Turkey summons German diplomat over BND chief remarks on Gülen
ANKARA –Anadolu AgencyTurkey has summoned the German Embassy’s Chargé D’Affairs to its Foreign Ministry in reaction to the German Federal Intelligence Service’s (BND) statements that they have not been convinced the Fethullahist movement was behind the July 2016 coup attempt.
“All evidence consisting of detainees’ statements, records of communication before and after the coup attempt and the FETÖ-linked civilians caught at Akıncılar air base lay forth the relationship between the putschists and FETÖ,” the Turkish Foreign Ministry said in a statement late March 21.
Last weekend, BND head Bruno Kahl told Der Spiegel news magazine that Germany had yet to be convinced of the group’s involvement in the coup attempt.
Ankara, however, insists the organization was behind the coup attempt, which resulted in 249 deaths.
EU Minister Ömer Çelik told private broadcaster Haber Türk that Kahl’s statement indicated Germany would protect a group that Turkey - its NATO ally - considered a terrorist organization. He also said Kahl’s comments were “strange,” as intelligence chiefs usually avoided being under the spotlight.
[HH] Turkey slams Netherlands for PKK meeting
In a separate written statement late March 21, the Turkish Foreign Ministry slammed the Netherlands for allowing the outlawed Kurdistan Workers’ Party (PKK) to hold a rally on the occasion of celebrating Nevruz.
The Nevruz festival, which marks the start of a new year, has been celebrated for more than 18 centuries across Anatolia, the Middle East and central Asia.
“It is unacceptable for the Netherlands to allow a terrorist organization to hold an event where slogans were made against a referendum to be held in our country,” it said.
Relations between the Netherlands and Turkey deteriorated after Dutch authorities refused to allow Turkish ministers to campaign in the country for a “Yes” vote in the forthcoming constitutional referendum that would grant wide-ranging powers to President Recep Tayyip Erdoğan.

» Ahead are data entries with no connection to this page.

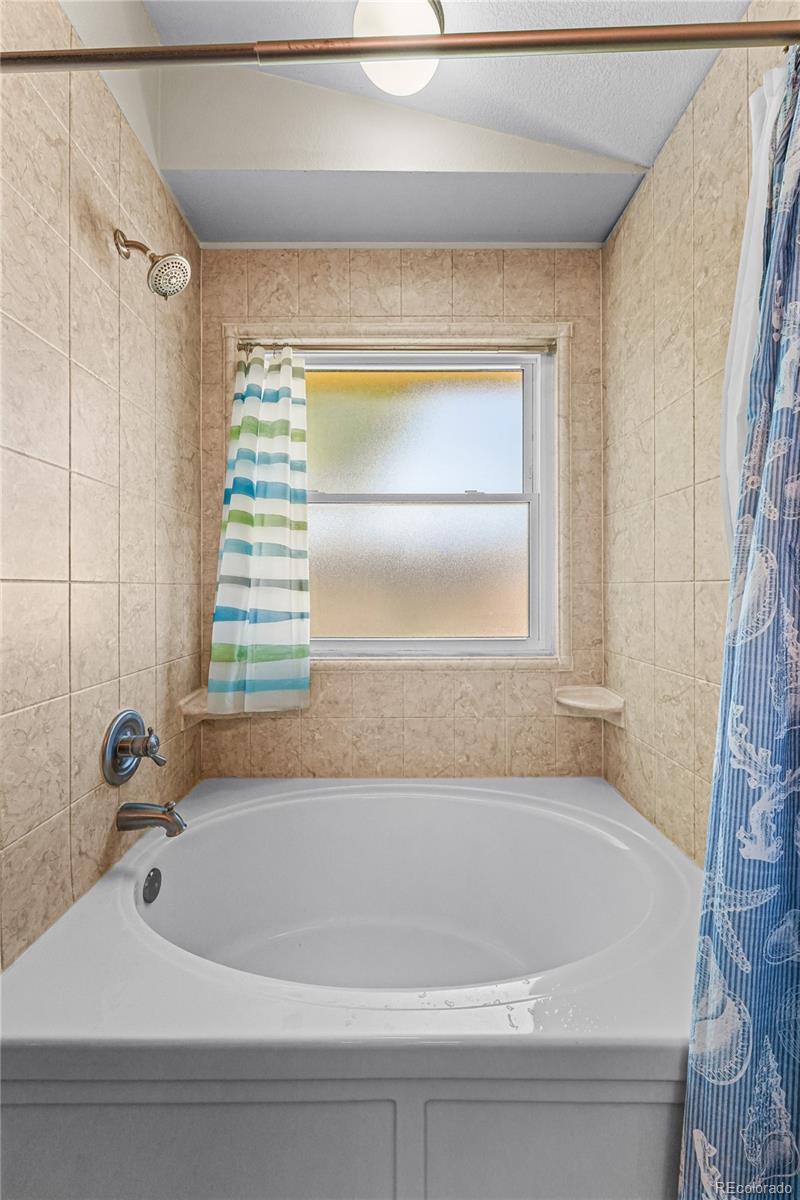 MLS Image #18 for 8855  cloverleaf circle,parker, Colorado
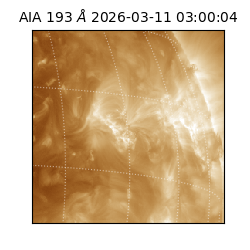 saia - 2026-03-11T03:00:04.842000
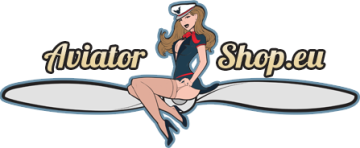 AviatorShop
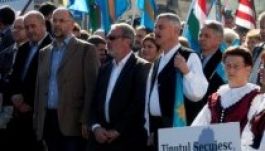 Tamás Sándor szerint a csendőrök nem tudnak számolni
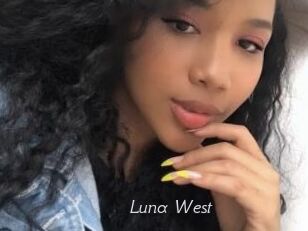 Luna_West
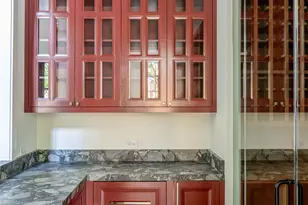 4405 Wildwood, Dallas, TX 75209 - Photo 7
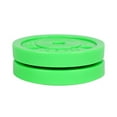 thumbnail image 2 of Green Biscuit Training Hockey Pucks Combo, 2 of 4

It accused the Dutch government of having “violated the agreements that regulate diplomatic and consular relations and the freedom of expression and assembly by preventing the Turkish community living in their lands from meeting with the Turkish authorities”.

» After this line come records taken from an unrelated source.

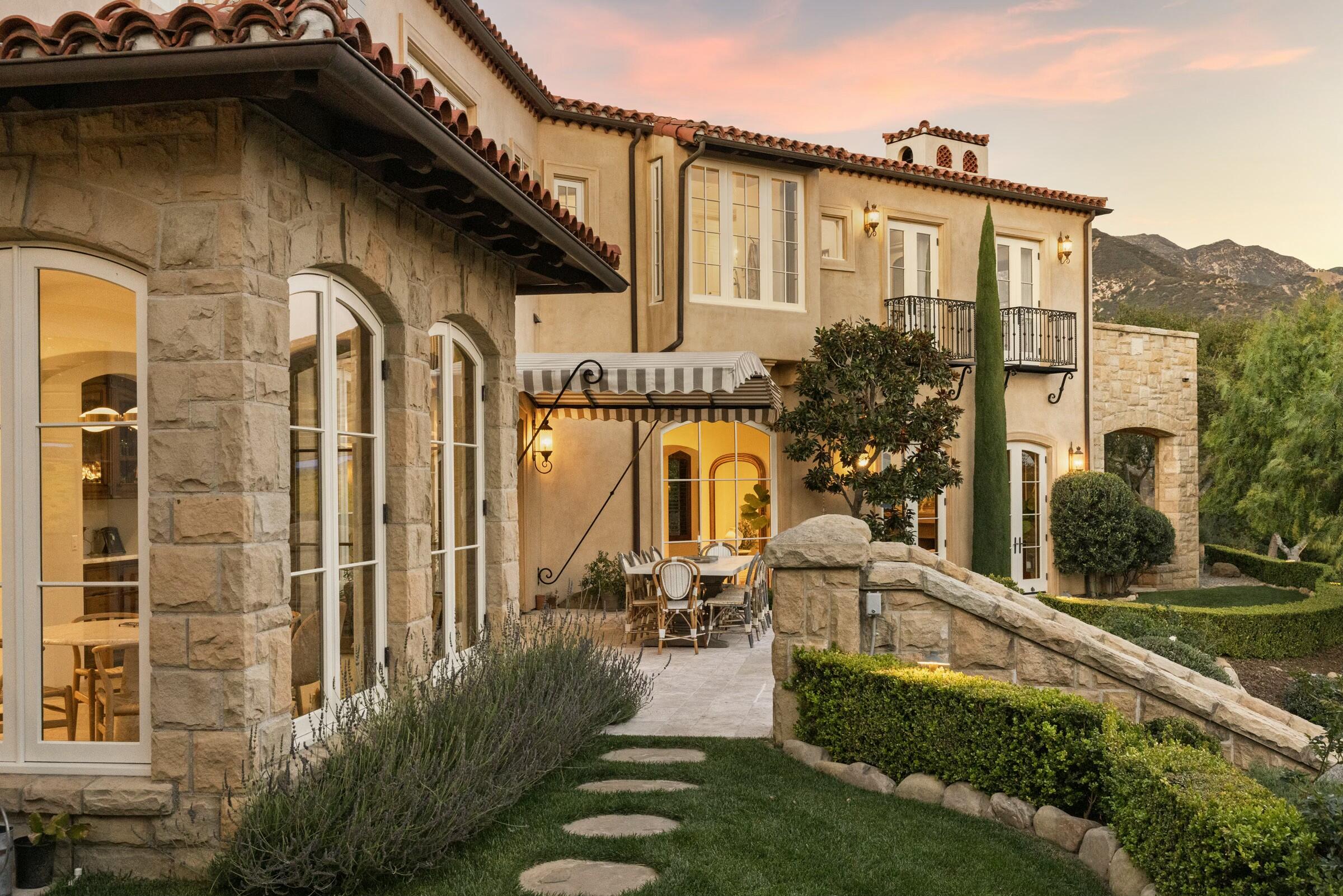 799 Lilac Drive Montecito, CA 93108 - Photo 15 of 33 15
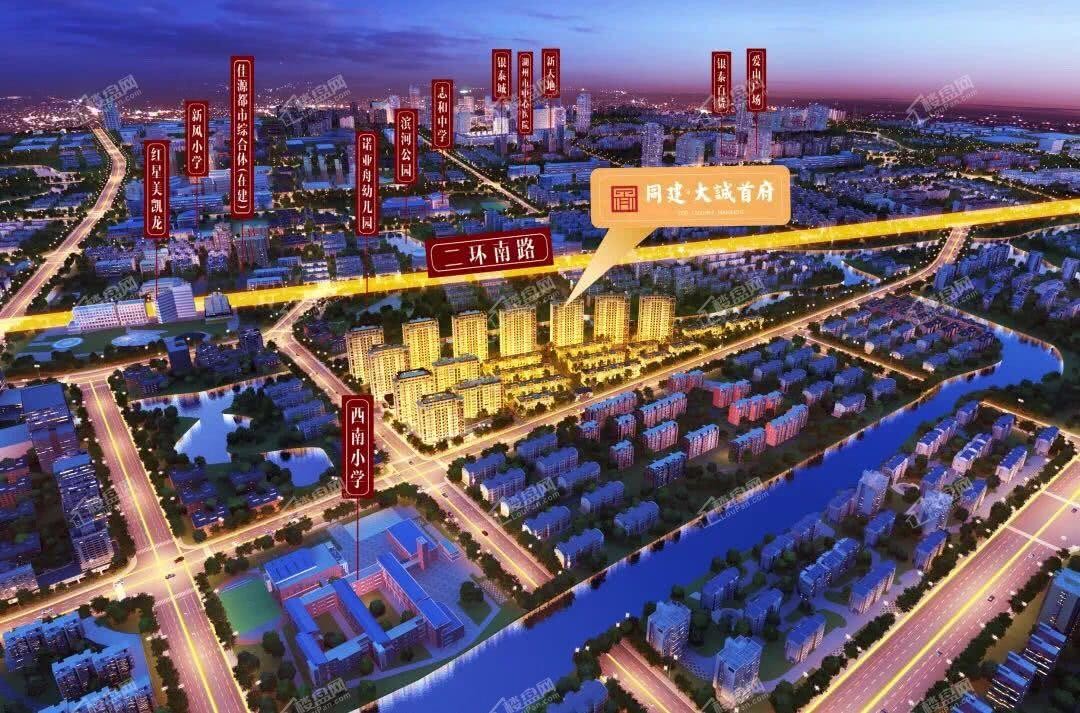 湖州赞成海月有哪些大卖点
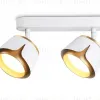 Спот Ambrella Light Techno family TN71229 TN71229 - 1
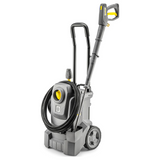 1.520-834.0 - Nettoyeur haute pression Kärcher PRO HD 5170 2700W
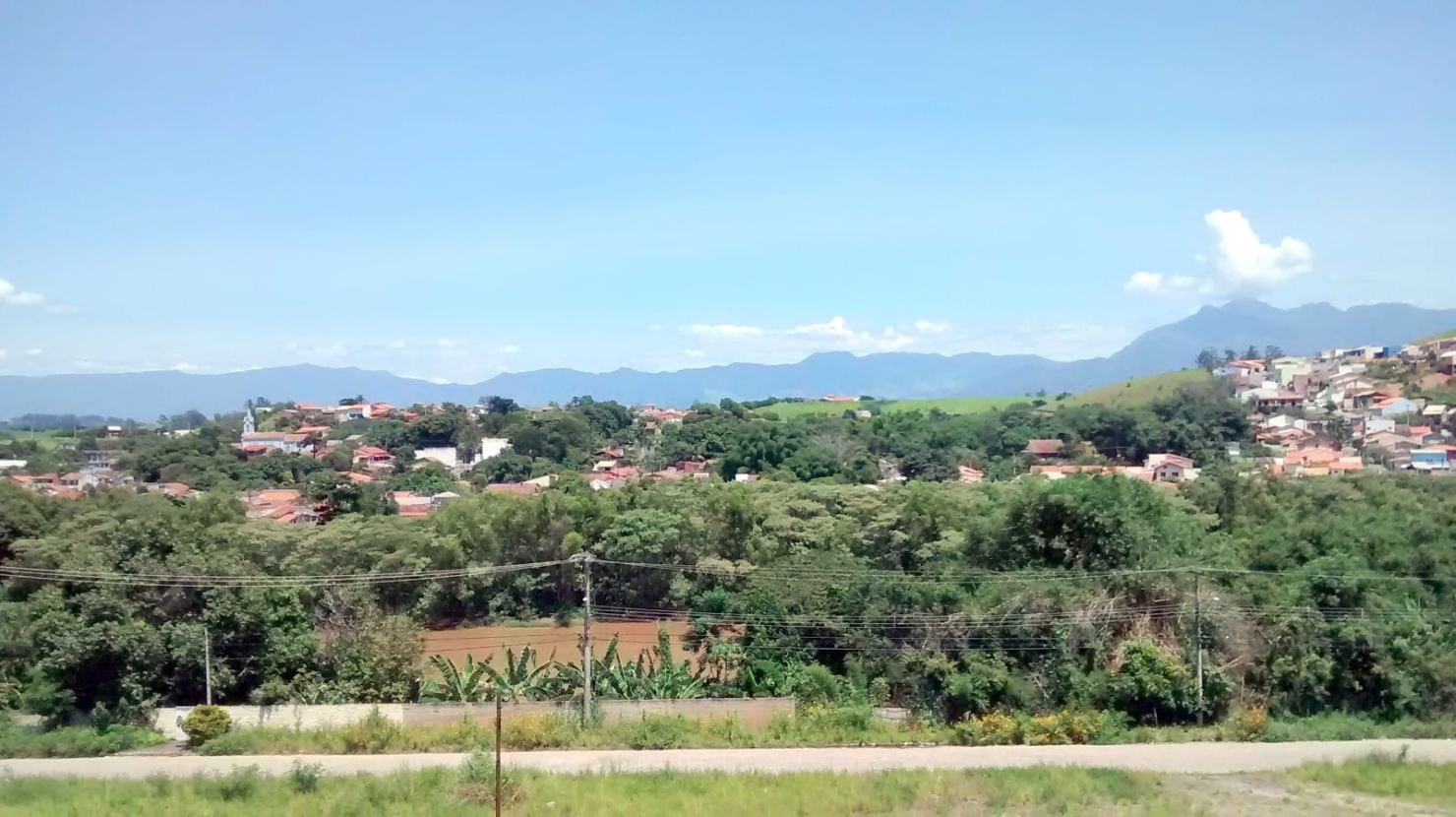 Prédio Inteiro, 340 m² - Foto 19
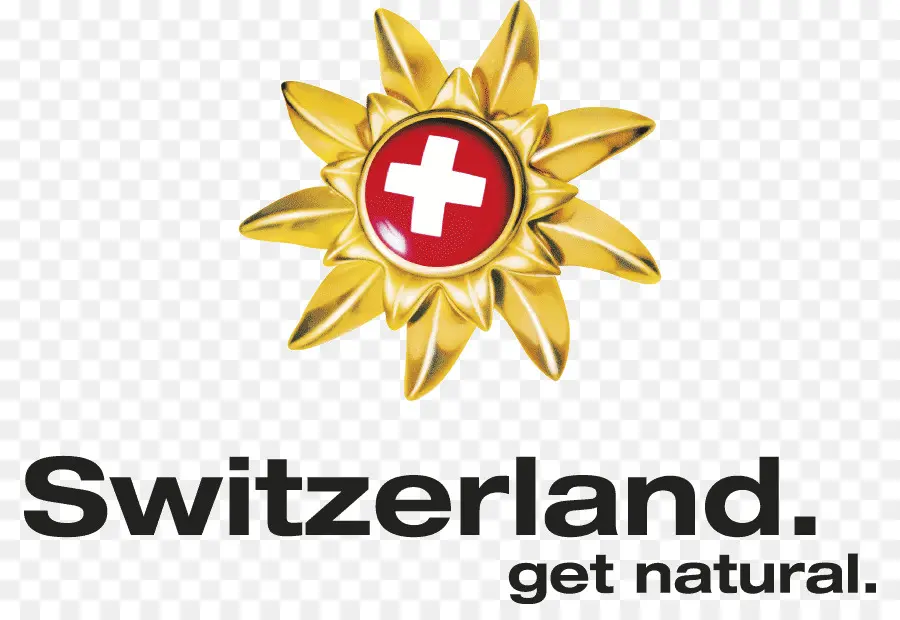 Grand Tour Swiss，Pariwisata Swiss PNG
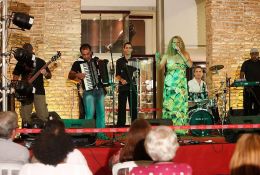 101-segundacultural2012-7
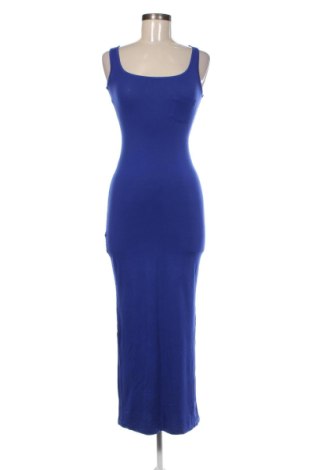 Kleid Unbranded, Größe XS, Farbe Blau, Preis 11,43 €, #137036864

The ministry said the Netherlands, which, along with other EU members, recognizes the PKK as a terrorist group, but had allowed PKK sympathizers to use the group’s symbols and pictures of its jailed leader Abdullah Öcalan at the event.
Meanwhile, German officials on March 18, allowed PKK supporters to march in Frankfurt with banners and flags despite a ban on the display of PKK symbols in public places.
Germany had also angered Ankara by canceling referendum campaign events planned by Turkish ministers and Erdoğan.